──────── Data to use ────────

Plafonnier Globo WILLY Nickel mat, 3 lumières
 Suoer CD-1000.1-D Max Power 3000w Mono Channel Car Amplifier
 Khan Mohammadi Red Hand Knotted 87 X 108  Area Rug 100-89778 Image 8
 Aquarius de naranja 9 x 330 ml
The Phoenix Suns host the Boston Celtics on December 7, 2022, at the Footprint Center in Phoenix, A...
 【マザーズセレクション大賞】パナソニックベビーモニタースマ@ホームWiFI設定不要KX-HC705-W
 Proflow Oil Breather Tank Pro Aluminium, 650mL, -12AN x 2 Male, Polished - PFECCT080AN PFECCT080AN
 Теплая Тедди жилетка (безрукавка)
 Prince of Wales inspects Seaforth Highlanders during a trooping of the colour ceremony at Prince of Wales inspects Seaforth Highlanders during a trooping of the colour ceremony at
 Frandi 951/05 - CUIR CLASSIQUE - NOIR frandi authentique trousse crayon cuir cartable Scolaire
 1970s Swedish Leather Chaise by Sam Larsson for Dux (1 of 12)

────────

▶ What is required:
Copy out exactly the lines that run from the one holding "Теплая Тедди жилетка (безрукавка)" through the end of the data above.

▶ Your solution:
 Теплая Тедди жилетка (безрукавка)
 Prince of Wales inspects Seaforth Highlanders during a trooping of the colour ceremony at Prince of Wales inspects Seaforth Highlanders during a trooping of the colour ceremony at
 Frandi 951/05 - CUIR CLASSIQUE - NOIR frandi authentique trousse crayon cuir cartable Scolaire
 1970s Swedish Leather Chaise by Sam Larsson for Dux (1 of 12)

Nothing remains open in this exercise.